Expected Aggregate Reward with an Additional Final Reward

Frequently when a reward is aggregated over \(n\) transitions of a Markov chain, it is appropriate to assign some added reward, say \(u_{i}\), as a function of the final state \(i\). For example, it might be particularly advantageous to end in some particular state. Also, if we wish to view the aggregate reward over \(n+\ell\) transitions as the reward over the first \(n\) transitions plus that over the following \(\ell\) transitions, we can model the expected reward over the final \(\ell\) transitions as a final reward at the end of the first \(n\) transitions. Note that this final expected reward depends only on the state at the end of the first \(n\) transitions.

As before, let \(R\left(X_{m+h}\right)\) be the reward at time \(m+h\) for \(0 \leq h \leq n-1\) and \(U\left(X_{m+n}\right)\) be the final reward at time \(m+n\), where \(U(X)=u_{i}\) for \(X=i\). Let \(v_{i}(n, \boldsymbol{u})\) be the expected reward from time \(m\) to \(m+n\), using the reward \(\boldsymbol{r}\) from time \(m\) to \(m+n-1\) and using the final reward \(\boldsymbol{u}\) at time \(m+n\). The expected reward is then the following simple modification of (3.33):

\[\boldsymbol{v}(n, \boldsymbol{u})=\boldsymbol{r}+[P] \boldsymbol{r}+\cdots+\left[P^{n-1}\right] \boldsymbol{r}+\left[P^{n}\right] \boldsymbol{u}=\sum_{h=0}^{n-1}\left[P^{h}\right] \boldsymbol{r}+\left[P^{n}\right] \boldsymbol{u}\label{3.38} \]

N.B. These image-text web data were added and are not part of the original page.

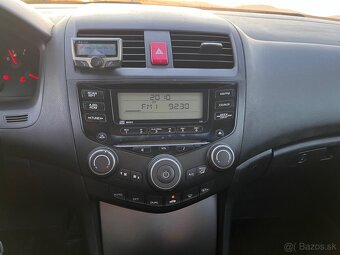 Honda Accord 7gen. 2.2 ictdi - 10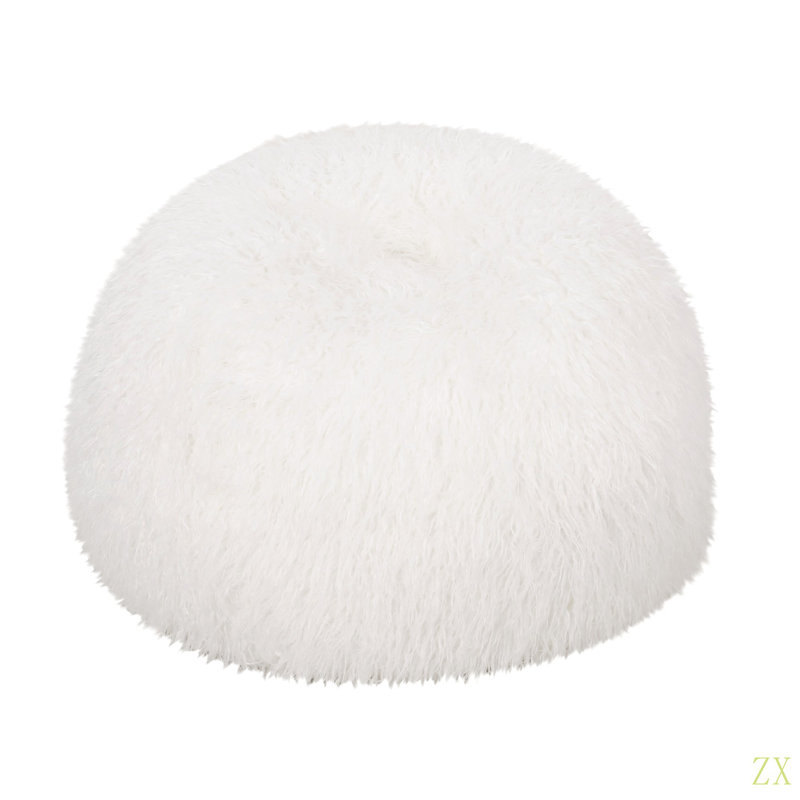 Fauteuil à billes 3 po Mandana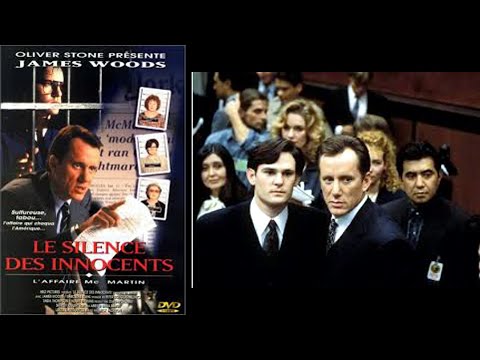 Le Silence des innocents (Indictment The McMartin Trial) 1995 | Thriller/Drame| film à ne pas rater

This simplifies considerably if \(\boldsymbol{u}\) is taken to be the relative-gain vector \(\boldsymbol{w}\).

Theorem 3.5.2

Let \([P]\) be the transition matrix of a unichain and let \(\boldsymbol{w}\) be the corresponding relative-gain vector. Then for each \(n \geq 1\),

\[\boldsymbol{v}(n, \boldsymbol{w})=n g \boldsymbol{e}+\boldsymbol{w}\label{3.39} \]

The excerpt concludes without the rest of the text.